▶ **What you have to do**:
Begin at the line below that holds "LINDEN SWEDEN Twixit" and end at the line that holds "Peu Stadium - White", transcribing each line exactly and skipping any picture.

▶ **Dataset records**:
=== Section Start ===

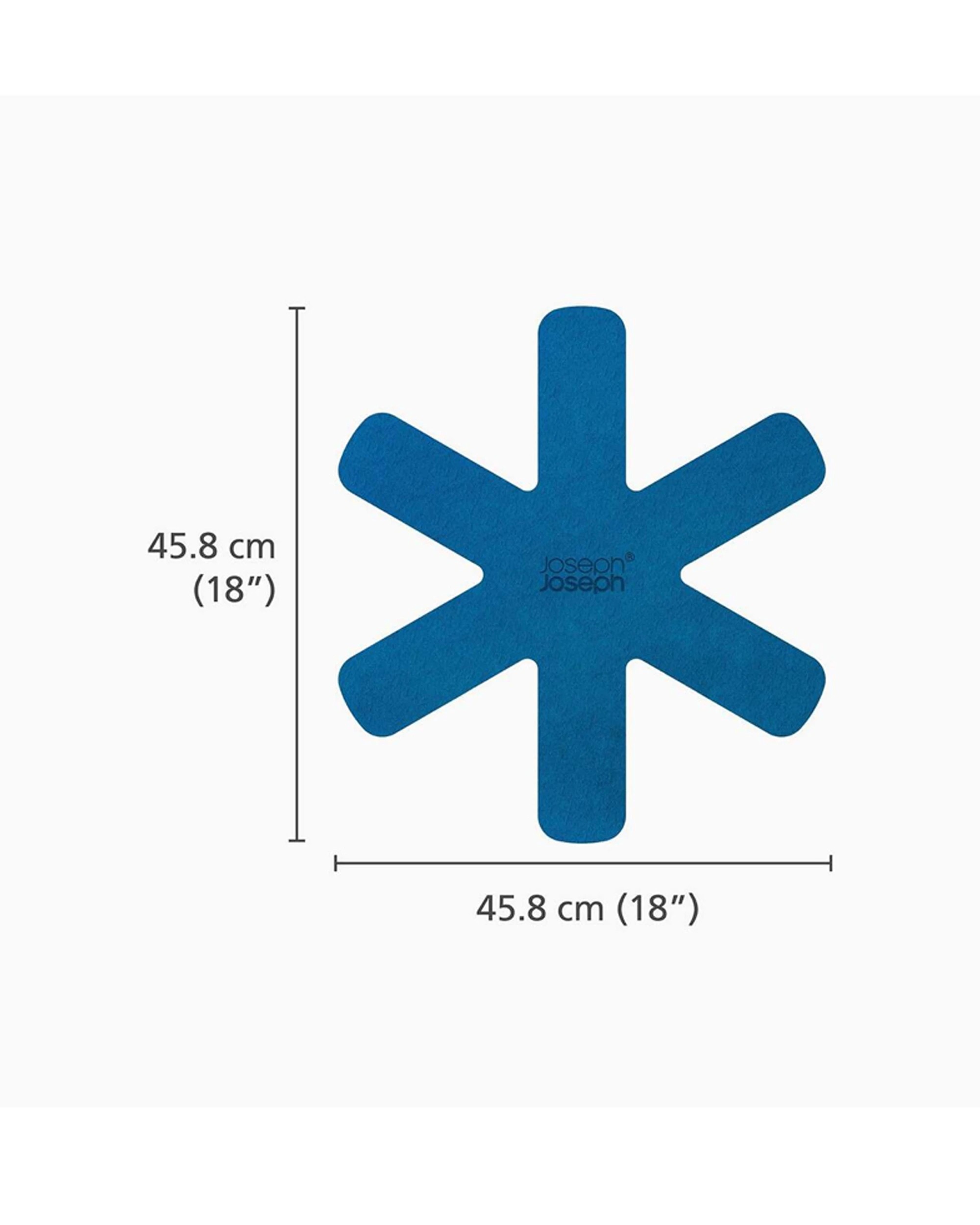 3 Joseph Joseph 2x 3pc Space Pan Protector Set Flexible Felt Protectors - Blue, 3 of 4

=== Section End ===
=== Section Start ===

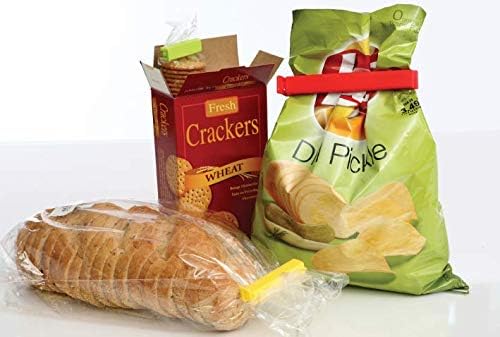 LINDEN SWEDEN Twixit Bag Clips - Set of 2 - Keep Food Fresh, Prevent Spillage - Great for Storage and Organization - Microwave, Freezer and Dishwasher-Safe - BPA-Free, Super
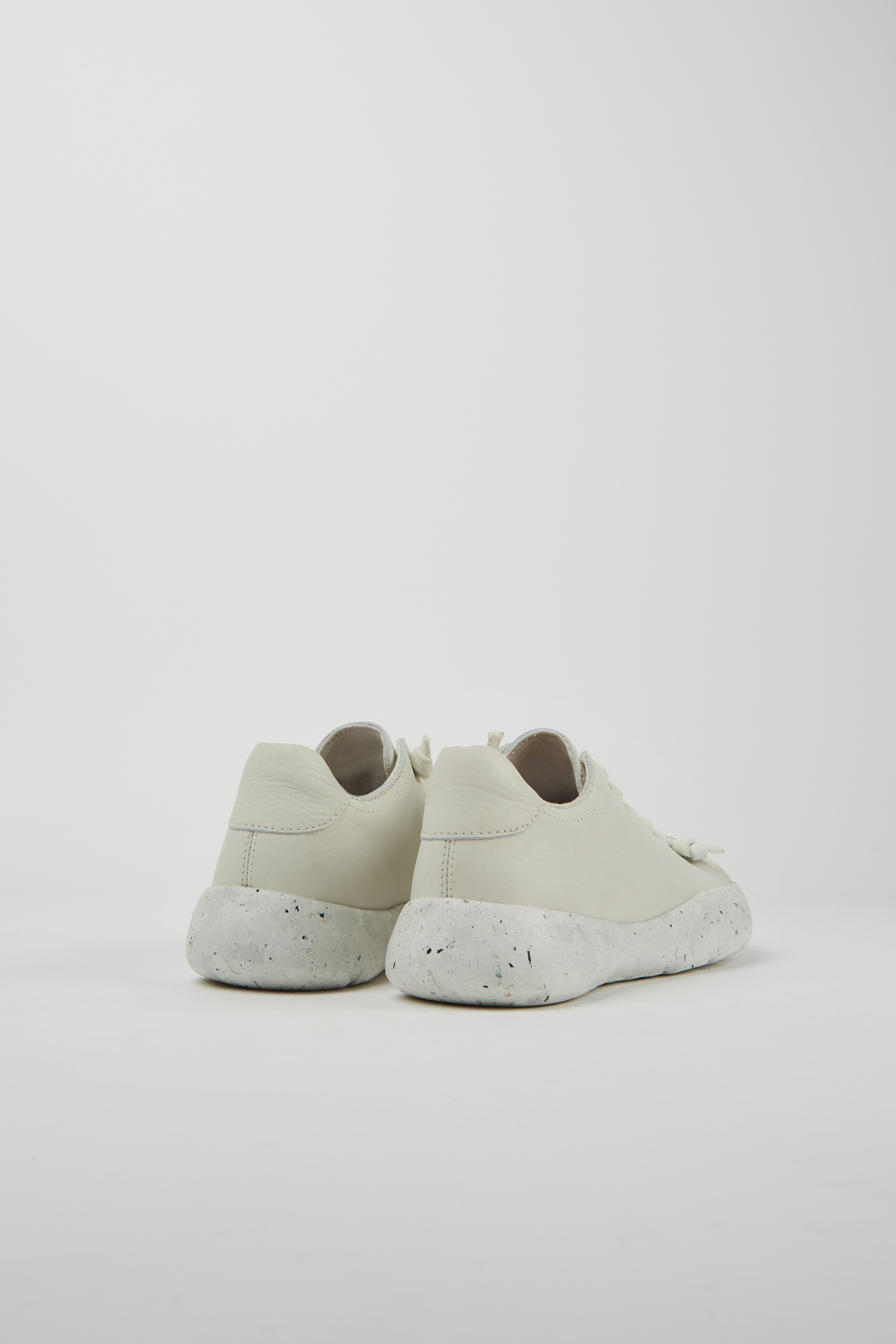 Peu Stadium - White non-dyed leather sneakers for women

=== Section End ===
=== Section Start ===

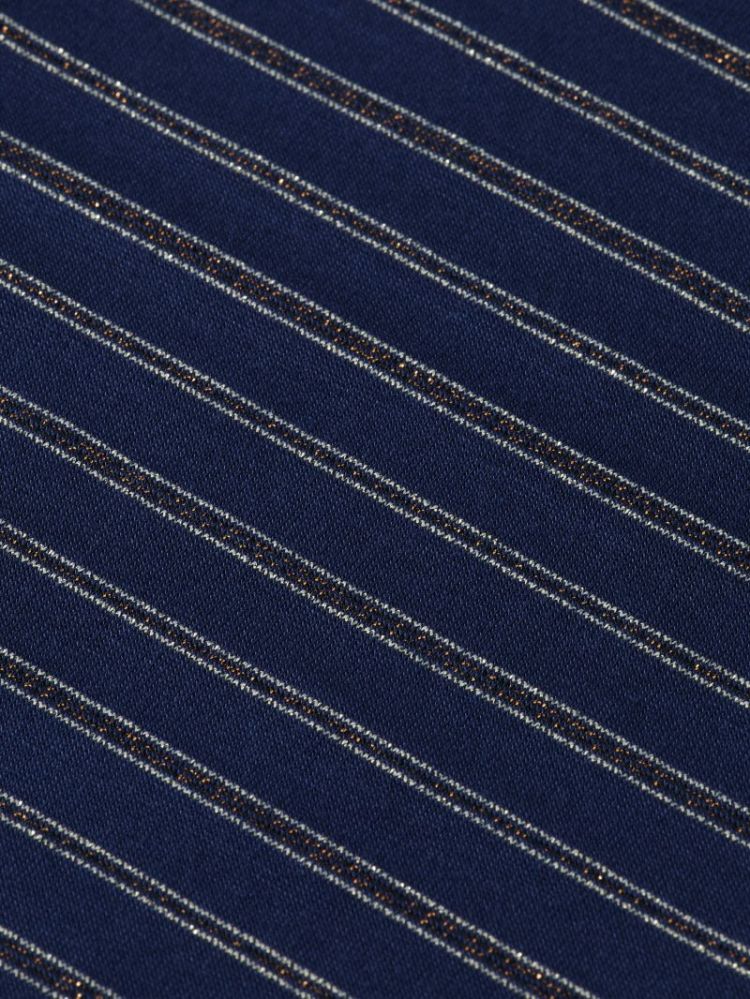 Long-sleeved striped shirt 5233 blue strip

=== Section End ===

▶ **Your response**:
 LINDEN SWEDEN Twixit Bag Clips - Set of 2 - Keep Food Fresh, Prevent Spillage - Great for Storage and Organization - Microwave, Freezer and Dishwasher-Safe - BPA-Free, Super
 Peu Stadium - White non-dyed leather sneakers for women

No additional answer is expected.